Top of RECORD EXCERPTS

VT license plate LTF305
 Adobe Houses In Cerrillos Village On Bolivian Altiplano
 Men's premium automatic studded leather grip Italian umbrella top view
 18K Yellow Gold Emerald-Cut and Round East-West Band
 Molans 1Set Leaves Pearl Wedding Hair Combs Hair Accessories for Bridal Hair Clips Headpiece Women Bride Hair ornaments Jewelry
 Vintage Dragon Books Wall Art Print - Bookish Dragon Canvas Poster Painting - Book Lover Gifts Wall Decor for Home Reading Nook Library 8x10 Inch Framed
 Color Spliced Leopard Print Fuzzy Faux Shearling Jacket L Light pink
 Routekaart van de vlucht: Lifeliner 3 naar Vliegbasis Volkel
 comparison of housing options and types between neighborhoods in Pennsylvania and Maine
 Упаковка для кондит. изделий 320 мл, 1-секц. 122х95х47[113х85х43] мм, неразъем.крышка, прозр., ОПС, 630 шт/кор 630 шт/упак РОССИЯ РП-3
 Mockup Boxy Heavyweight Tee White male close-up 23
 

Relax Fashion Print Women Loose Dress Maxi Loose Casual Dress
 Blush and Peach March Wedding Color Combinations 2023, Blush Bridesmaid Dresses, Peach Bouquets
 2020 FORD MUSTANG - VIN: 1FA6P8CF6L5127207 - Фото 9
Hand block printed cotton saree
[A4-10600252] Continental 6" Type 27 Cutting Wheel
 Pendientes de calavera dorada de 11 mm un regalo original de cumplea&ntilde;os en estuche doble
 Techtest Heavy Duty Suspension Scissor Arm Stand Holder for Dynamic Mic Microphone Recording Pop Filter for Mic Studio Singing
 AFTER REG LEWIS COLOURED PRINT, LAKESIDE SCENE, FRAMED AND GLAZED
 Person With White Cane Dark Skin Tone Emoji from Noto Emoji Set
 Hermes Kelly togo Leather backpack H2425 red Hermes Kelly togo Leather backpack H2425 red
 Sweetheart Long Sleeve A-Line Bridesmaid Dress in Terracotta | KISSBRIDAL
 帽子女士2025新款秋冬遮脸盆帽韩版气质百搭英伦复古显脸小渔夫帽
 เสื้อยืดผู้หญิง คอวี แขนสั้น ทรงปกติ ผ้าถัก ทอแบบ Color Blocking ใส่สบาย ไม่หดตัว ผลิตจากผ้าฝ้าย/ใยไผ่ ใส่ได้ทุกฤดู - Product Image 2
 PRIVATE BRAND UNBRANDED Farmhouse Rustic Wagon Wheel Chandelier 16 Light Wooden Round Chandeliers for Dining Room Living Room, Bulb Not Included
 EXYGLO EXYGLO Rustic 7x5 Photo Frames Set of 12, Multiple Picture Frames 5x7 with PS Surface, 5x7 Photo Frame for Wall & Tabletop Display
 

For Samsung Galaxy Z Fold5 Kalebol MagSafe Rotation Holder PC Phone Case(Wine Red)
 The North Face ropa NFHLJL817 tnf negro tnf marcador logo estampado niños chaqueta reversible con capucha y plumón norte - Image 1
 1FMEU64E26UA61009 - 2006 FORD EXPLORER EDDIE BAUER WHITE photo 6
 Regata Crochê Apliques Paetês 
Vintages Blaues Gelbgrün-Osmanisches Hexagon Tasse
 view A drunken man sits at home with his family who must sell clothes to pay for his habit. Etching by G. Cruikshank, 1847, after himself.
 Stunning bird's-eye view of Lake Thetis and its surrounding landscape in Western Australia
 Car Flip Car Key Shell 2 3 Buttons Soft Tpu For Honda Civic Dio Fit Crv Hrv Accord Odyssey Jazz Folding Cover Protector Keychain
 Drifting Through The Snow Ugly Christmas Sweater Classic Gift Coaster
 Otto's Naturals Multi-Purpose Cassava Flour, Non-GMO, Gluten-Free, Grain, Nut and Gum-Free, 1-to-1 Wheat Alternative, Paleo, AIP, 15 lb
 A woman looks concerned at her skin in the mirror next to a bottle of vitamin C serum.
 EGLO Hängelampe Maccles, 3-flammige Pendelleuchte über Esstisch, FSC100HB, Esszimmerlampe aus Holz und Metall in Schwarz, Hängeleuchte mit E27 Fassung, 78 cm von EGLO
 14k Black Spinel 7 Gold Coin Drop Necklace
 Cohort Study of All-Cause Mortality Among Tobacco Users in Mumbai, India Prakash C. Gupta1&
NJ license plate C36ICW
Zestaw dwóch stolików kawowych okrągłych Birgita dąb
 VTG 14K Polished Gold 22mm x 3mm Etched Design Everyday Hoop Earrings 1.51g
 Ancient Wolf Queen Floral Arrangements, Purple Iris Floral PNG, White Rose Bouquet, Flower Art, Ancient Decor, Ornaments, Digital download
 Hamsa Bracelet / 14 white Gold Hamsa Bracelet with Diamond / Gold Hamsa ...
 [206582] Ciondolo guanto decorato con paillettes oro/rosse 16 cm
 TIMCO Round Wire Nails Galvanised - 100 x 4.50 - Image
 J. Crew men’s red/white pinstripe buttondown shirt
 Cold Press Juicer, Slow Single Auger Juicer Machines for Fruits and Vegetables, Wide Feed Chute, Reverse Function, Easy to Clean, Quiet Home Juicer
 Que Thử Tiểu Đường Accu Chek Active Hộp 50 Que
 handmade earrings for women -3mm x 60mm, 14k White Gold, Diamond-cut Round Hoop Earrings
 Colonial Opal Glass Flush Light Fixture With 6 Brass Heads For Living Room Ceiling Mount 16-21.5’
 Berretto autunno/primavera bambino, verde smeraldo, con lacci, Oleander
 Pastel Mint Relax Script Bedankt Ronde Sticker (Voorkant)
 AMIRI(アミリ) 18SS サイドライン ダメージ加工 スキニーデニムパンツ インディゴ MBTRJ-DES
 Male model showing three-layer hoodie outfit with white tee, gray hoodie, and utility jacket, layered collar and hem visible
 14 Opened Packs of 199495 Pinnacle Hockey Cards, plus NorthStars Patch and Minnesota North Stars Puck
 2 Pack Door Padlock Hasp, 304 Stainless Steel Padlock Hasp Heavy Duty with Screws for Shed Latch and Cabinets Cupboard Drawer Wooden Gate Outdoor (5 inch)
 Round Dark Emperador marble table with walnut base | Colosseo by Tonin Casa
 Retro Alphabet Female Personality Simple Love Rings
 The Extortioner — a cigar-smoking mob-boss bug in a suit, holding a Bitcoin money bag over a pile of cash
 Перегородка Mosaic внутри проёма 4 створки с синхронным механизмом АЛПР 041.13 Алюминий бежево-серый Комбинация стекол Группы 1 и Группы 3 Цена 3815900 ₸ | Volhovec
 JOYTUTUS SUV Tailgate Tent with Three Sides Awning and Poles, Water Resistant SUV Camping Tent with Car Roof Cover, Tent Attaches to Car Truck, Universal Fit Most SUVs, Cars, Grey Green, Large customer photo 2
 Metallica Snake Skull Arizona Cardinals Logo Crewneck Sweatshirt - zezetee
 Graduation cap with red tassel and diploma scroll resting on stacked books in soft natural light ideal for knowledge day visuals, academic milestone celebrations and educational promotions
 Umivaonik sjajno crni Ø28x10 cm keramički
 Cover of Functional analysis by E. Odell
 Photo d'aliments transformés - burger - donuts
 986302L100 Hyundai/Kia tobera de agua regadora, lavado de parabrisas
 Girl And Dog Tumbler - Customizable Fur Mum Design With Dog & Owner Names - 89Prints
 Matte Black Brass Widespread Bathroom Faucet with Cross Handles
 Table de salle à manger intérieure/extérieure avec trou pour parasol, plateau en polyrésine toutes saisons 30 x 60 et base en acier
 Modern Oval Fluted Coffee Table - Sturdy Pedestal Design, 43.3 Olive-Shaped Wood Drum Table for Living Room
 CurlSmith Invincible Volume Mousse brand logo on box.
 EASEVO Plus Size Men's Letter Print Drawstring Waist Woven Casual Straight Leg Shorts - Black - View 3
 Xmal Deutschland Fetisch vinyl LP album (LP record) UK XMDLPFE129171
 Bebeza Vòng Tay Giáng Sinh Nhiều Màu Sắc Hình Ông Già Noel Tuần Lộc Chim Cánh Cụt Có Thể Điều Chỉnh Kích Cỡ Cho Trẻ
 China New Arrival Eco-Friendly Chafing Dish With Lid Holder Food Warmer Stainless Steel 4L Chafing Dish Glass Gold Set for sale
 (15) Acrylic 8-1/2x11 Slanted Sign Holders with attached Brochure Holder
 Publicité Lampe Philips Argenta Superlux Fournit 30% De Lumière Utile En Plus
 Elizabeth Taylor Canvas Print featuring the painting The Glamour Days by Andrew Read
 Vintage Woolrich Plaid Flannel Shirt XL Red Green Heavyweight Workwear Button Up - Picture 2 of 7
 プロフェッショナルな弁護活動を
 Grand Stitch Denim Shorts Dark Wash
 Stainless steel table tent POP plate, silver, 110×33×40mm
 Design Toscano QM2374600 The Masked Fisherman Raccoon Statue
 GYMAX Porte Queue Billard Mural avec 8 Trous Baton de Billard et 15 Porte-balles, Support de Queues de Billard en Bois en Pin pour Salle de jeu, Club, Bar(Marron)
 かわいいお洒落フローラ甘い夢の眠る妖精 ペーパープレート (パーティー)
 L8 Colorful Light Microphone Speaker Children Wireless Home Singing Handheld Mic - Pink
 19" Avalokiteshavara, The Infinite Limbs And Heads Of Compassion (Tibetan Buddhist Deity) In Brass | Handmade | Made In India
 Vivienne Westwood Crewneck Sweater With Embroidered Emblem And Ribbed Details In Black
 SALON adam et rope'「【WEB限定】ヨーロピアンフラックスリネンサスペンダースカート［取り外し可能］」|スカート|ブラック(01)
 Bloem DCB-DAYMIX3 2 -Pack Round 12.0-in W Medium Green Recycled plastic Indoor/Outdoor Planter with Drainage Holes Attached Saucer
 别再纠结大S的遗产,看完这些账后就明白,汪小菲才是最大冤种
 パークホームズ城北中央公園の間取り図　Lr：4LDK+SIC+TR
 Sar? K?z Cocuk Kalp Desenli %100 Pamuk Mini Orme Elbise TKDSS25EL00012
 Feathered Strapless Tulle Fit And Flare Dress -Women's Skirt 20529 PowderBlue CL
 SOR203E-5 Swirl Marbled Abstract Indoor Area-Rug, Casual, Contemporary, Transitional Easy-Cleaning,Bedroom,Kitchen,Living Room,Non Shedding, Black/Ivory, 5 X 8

Bottom of RECORD EXCERPTS

### [HOW TO COMPLETE THIS TASK]
As listed above, the lines from the line with "EASEVO Plus Size" to the line with "Publicité Lampe Philips" are to be echoed exactly, with both ends included and nothing added.

### [YOUR RESPONSE]
 EASEVO Plus Size Men's Letter Print Drawstring Waist Woven Casual Straight Leg Shorts - Black - View 3
 Xmal Deutschland Fetisch vinyl LP album (LP record) UK XMDLPFE129171
 Bebeza Vòng Tay Giáng Sinh Nhiều Màu Sắc Hình Ông Già Noel Tuần Lộc Chim Cánh Cụt Có Thể Điều Chỉnh Kích Cỡ Cho Trẻ
 China New Arrival Eco-Friendly Chafing Dish With Lid Holder Food Warmer Stainless Steel 4L Chafing Dish Glass Gold Set for sale
 (15) Acrylic 8-1/2x11 Slanted Sign Holders with attached Brochure Holder
 Publicité Lampe Philips Argenta Superlux Fournit 30% De Lumière Utile En Plus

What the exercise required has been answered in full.